The output lowpass 2 stage filters use relay switching. I found some small 5V bistabile relays in my shack that are convenient - I don't want to burn an electric power just to keep relay energized forever... So the switching circuitry is little bit more complicated than usual (each relay has 2 coils, one for each position).
The GPS receiver board is from Ebay (tks AF4JF), output set to 4800 Bd NMEA standard TTL level. It is used just to synchronize internal WSPR clock - 2 minute cycle. Battery backup is not used, as well as 1 Hz output (perhaps alter). There is a separate 7805 stabilizer for GPS receiver supply (about 150 mA)
Power supply is cheap surplus switched chinese model (rated 12V 2A).
Here you can see the beacon:
Here are some related files. I don't expect someone to build an own copy, but can be interesting...
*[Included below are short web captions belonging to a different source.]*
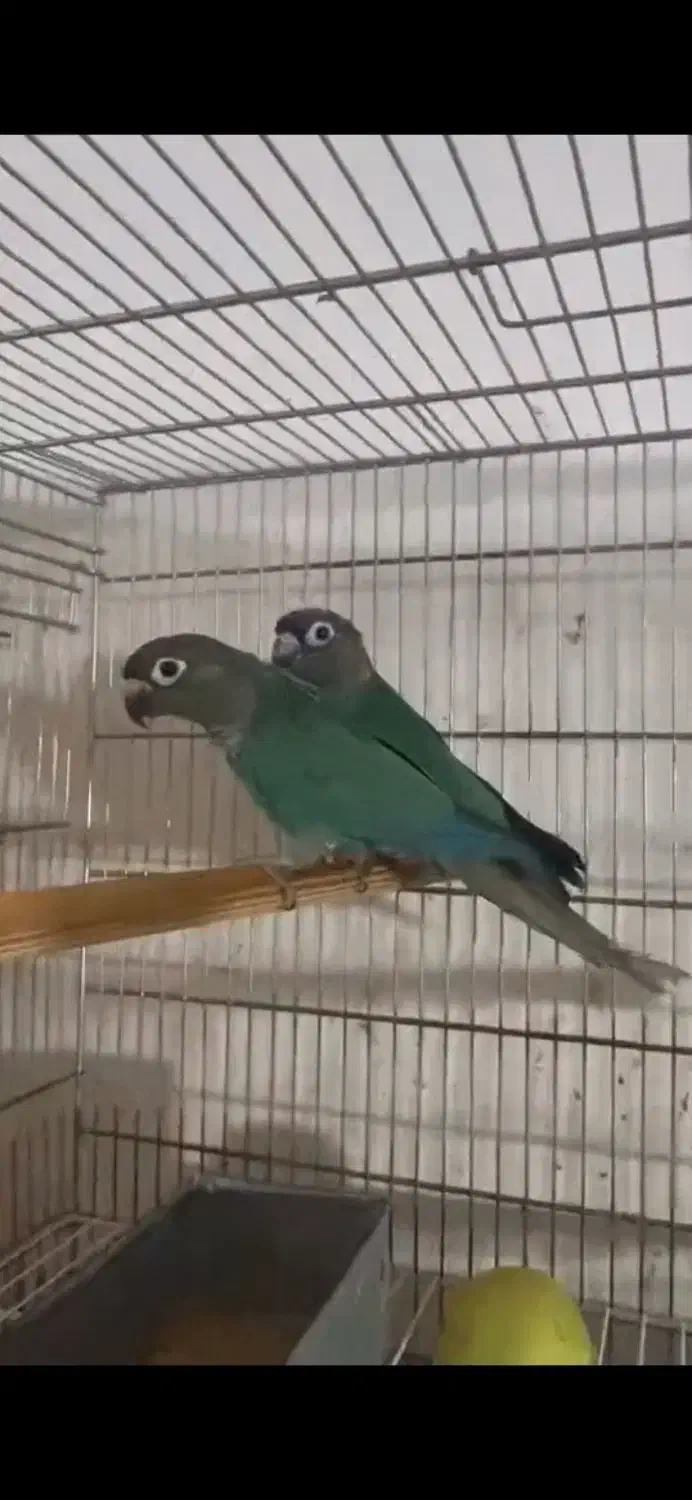 یک جفت تراکوییس نرمال در حد|پرنده|بندرعباس, |دیوار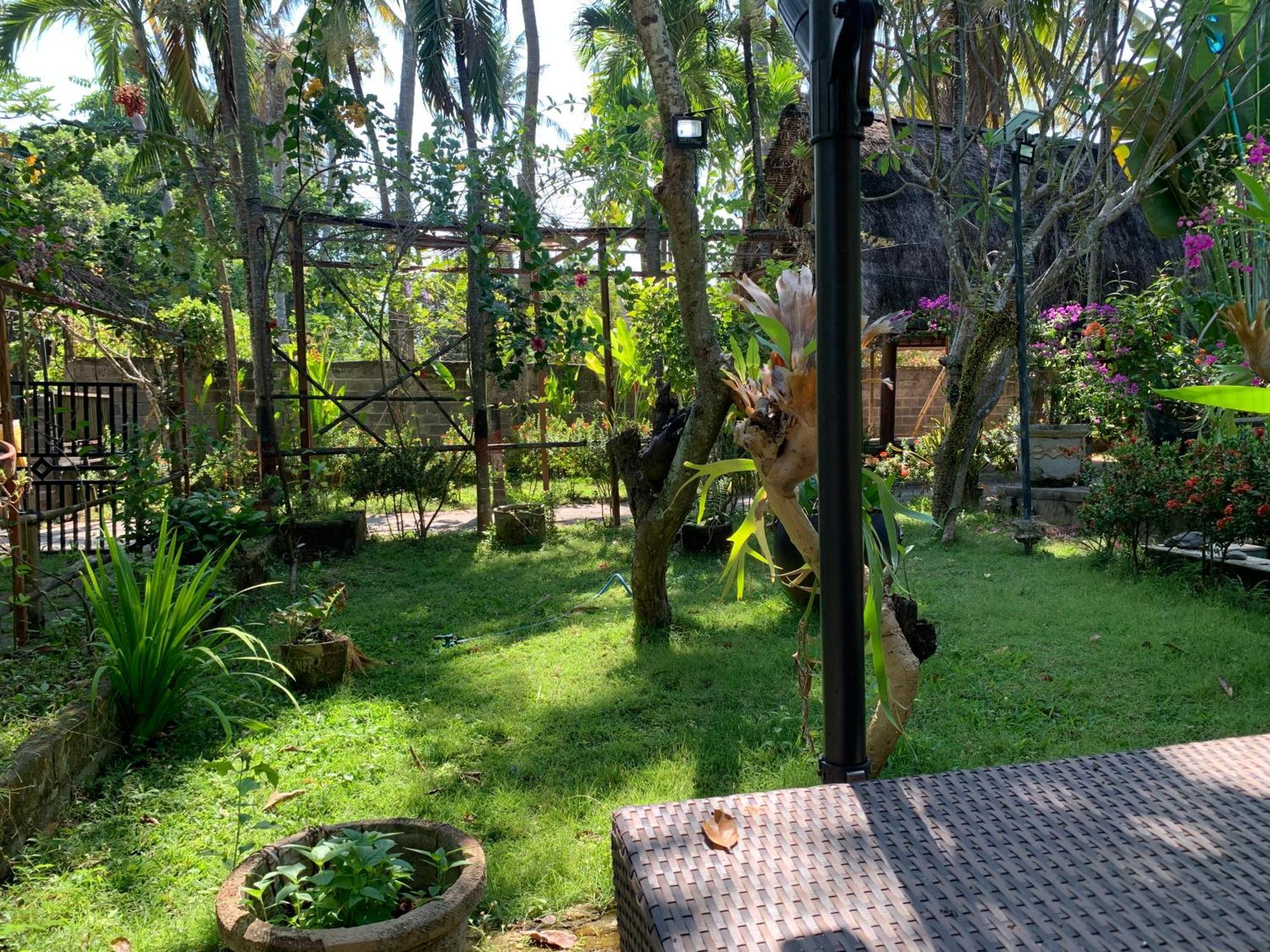 Studio Lumbung Lovina  Exterior photo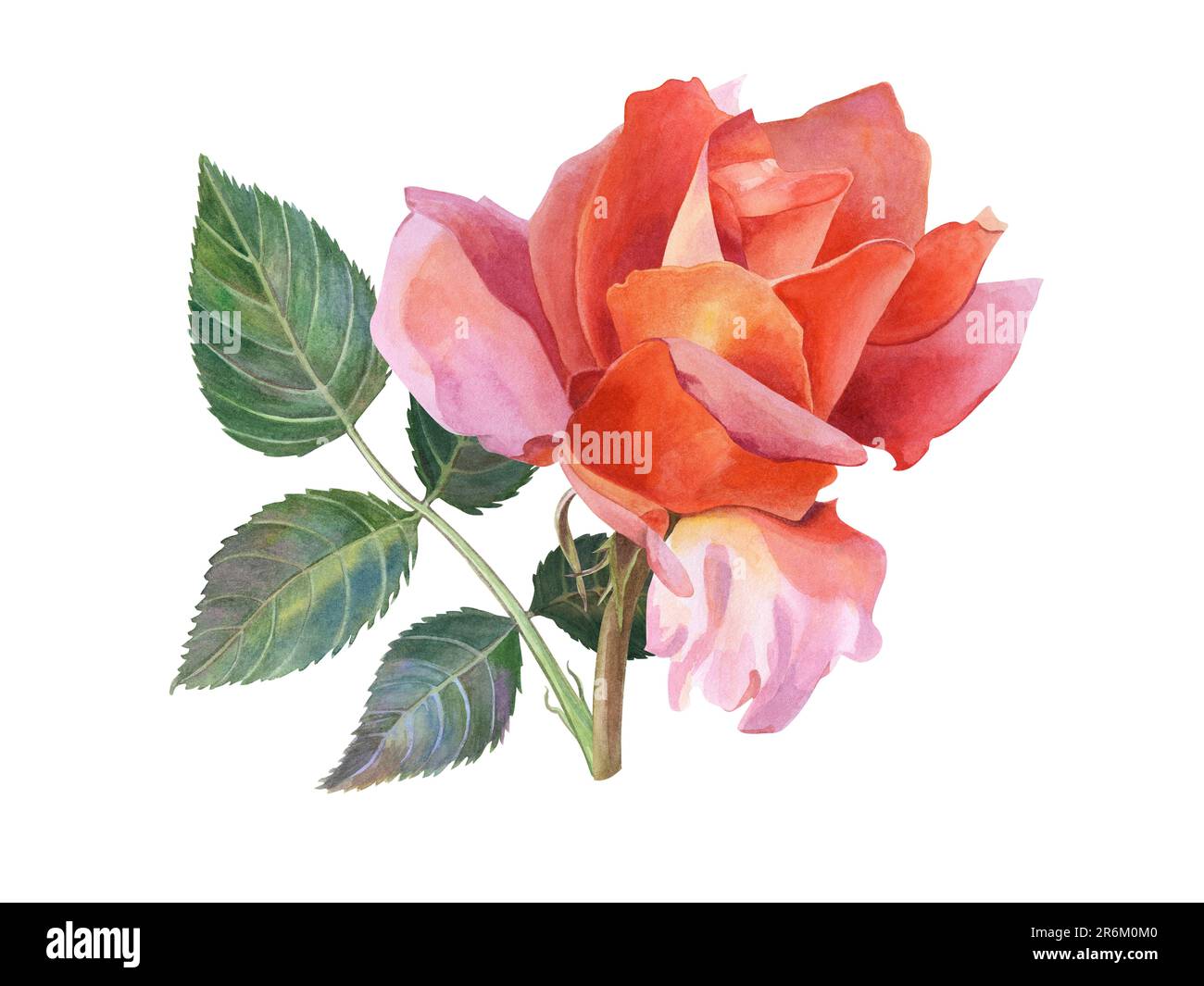 Une fleur de rose de thé aux pétales orange-rose, avec des feuilles sur la tige. Illustration aquarelle, dessinée à la main. Isolé sur un fond blanc. Clip-art Banque D'Images
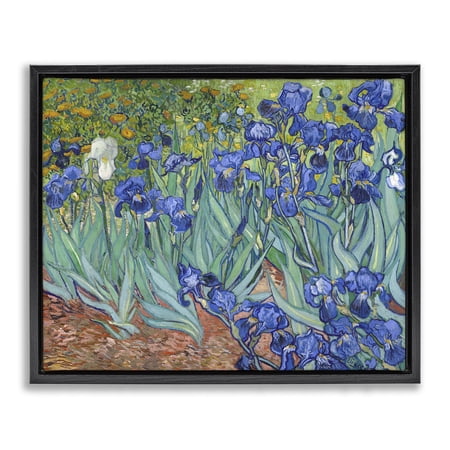 Stupell Industries Classic Van Gogh Irises Plants & Flowers Painting Black Floater Framed Canvas Art Print Wall Art  31 x 25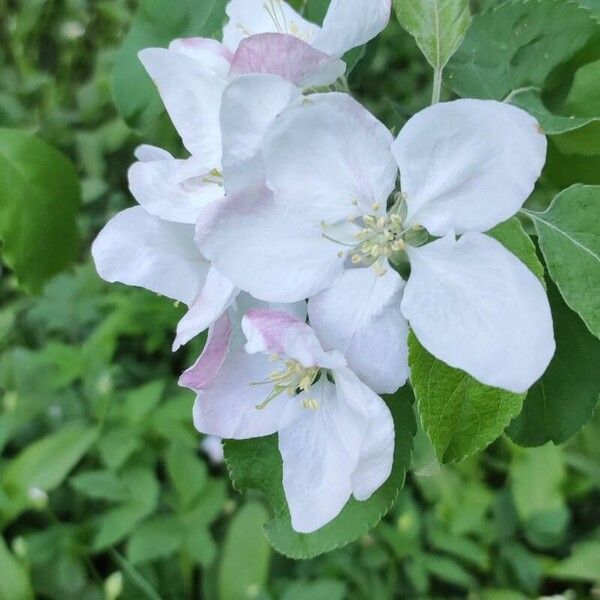 Malus spectabilis 果実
As soon as I finalized the contruction (all electronic parts, switched power supply, enclosure) I realized the circuitry inside generates significant heat that warms up the whole box. And the temperature changes have negative influence on frequency stability of DDS generator. What is quite sufficient for CW FSK and low HF bands is not enough for 50 MHz WSPR. Of course, the goal is not to drift more than 1 Hz during 2 minutes transmission and to stay in 200 Hz wide band in all situations, but it looks like the requirement is not realistic with standart XO built in the DDS module. So I searched for something better... Finally I used 16.384 MHz TCXO from old GSM BTS (thanks OK1MHK) multiplied by XOR gate to 32.768 MHz. It is slightly more than maximum 30 MHz guaranteed for AD9851, but it seems to be working fine. The TCXO can be tuned +/- 200 Hz by voltage/external potentiometer. I considered also possible PLL to GPS 1 Hz signal (the PCB is ready for that), but I found the basic stability of TCXO is sufficient. Maybe later... So the output of 30 MHz XO at the module is disconnected (a 100 ohm resistor in series at the ouput is removed) and 32 MHz is connected instead. As the next step I removed the switched power supply from the box that generated significant amount of heat, that helps the stability es well, and I operate it from external PS.